La apologética final, como nos enseñó Schaeffer, se encuentra en el amor que mostramos por una persona. La claridad sin compasión, de nada sirve. Es el amor de Dios, el que nos convence de la verdad de Cristo Jesús. Ahora bien, si somos cristianos, la verdad nos importa, ¿por qué mentimos, entonces?
Para vivir, tenemos que poder confiar en otros. Necesitamos ser sinceros con nosotros mismos y los demás. El problema es que la verdad puede ser también fría, dura, cruel y despiadada. Decía T. S. Eliot, que “el ser humano no puede soportar mucha realidad”. Necesitamos la verdad para vivir, pero un poco de mentira, la hace más tolerable. El mandamiento sobre “no dar falso testimonio” (Éxodo 20:16) nos hablar del valor del nombre de una persona, su palabra y el valor de la verdad misma.
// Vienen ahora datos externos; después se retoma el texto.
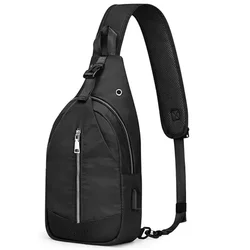 e-DB2 Bolso bandolera con bloqueo RFID, bolso de hombro pequeño para el pecho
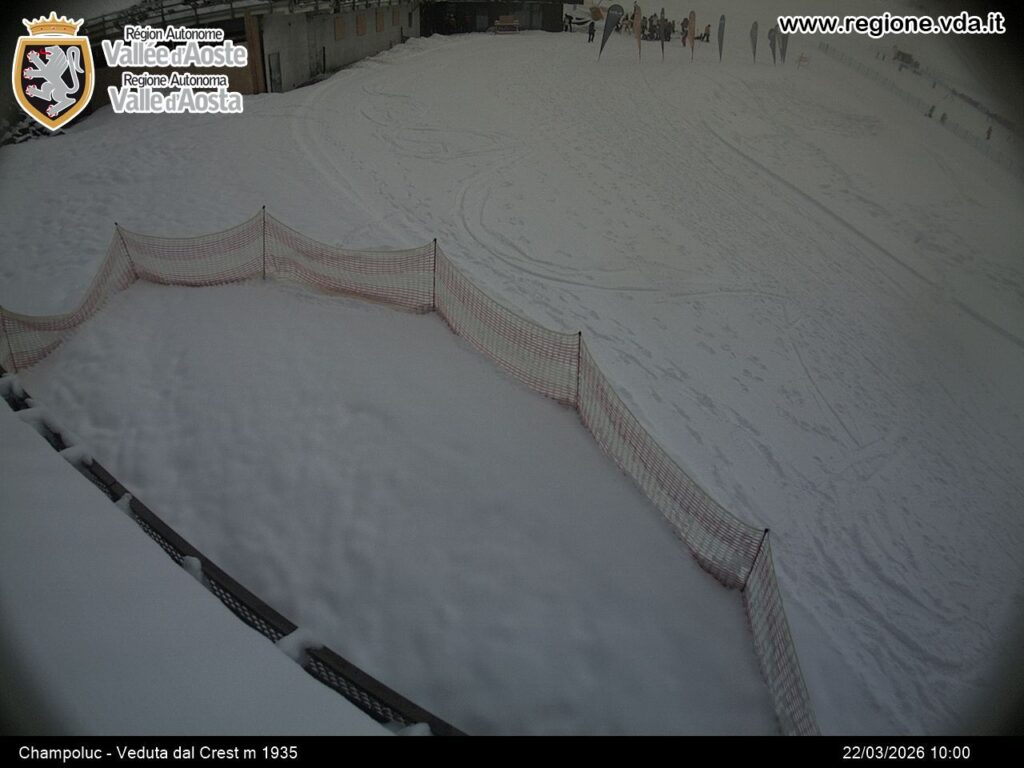 neve oggi valle d'aosta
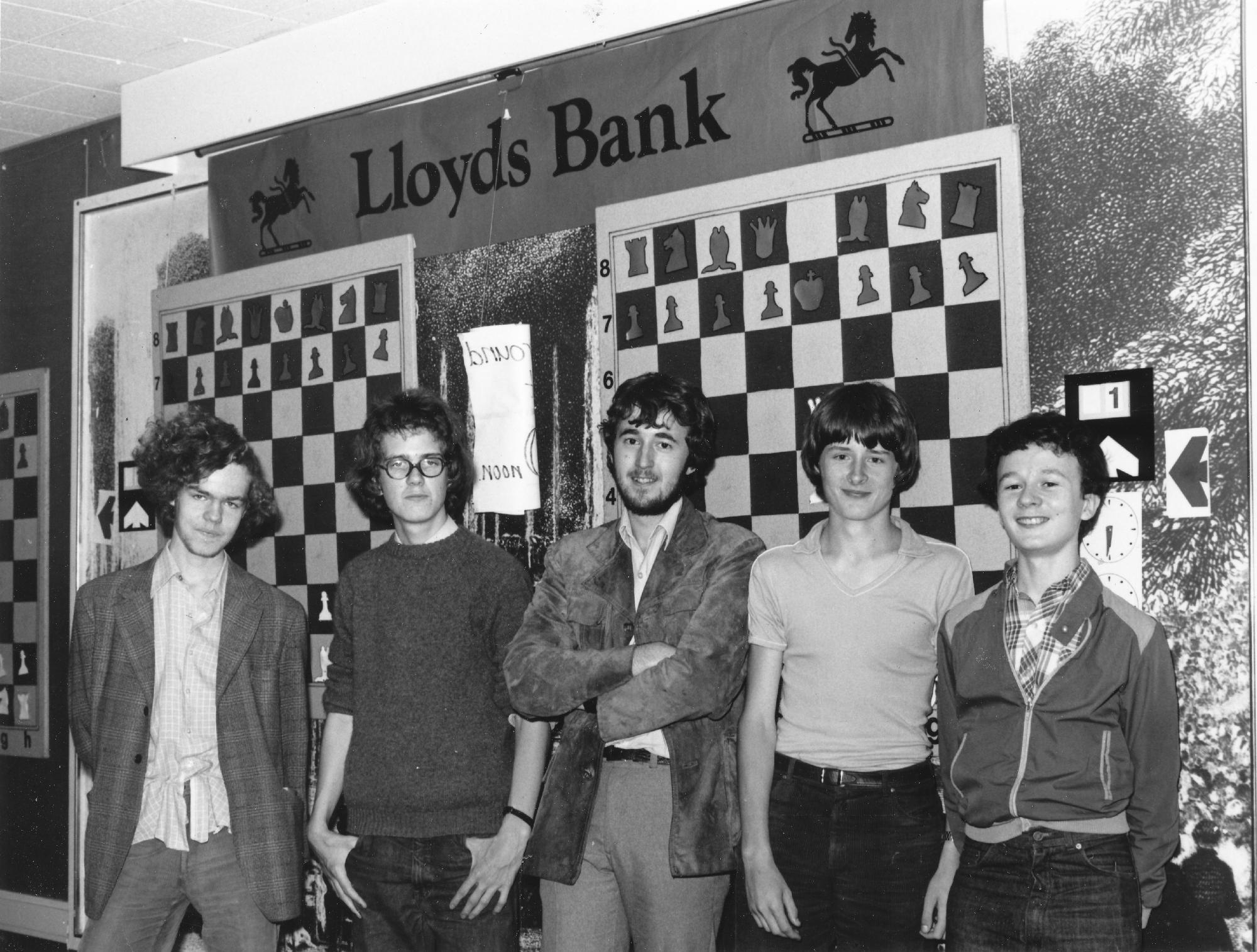 Nigel Davies (centre) at a Lloyds Bank event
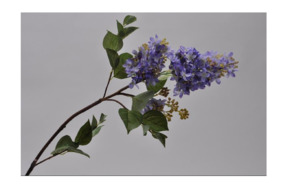 Цветок искусственный Silk-ka "Сирень" 93см (фиолетовая)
Lutero dice que no debemos confundir la mentira con la prudencia. No podemos basar nuestras acciones en la sospecha, pero tampoco podemos caer en la credulidad. Cercas se pregunta una y otra vez, si la ficción nos salva, pero descubre que “al final solo la realidad nos puede salvar”. Ahora bien, ¿cuál es esa verdad? El Evangelio nos revela que la única salvación está en la Verdad que es Cristo Jesús. Si nos refugiamos en Él, nuestros engaños, errores, hipocresías, mentiras, chismes y calumnias, no prevalecerán en contra nuestra, sino que “recibiremos la justicia de Dios” (2 Corintios 5:21). ¡Esta es nuestra única esperanza!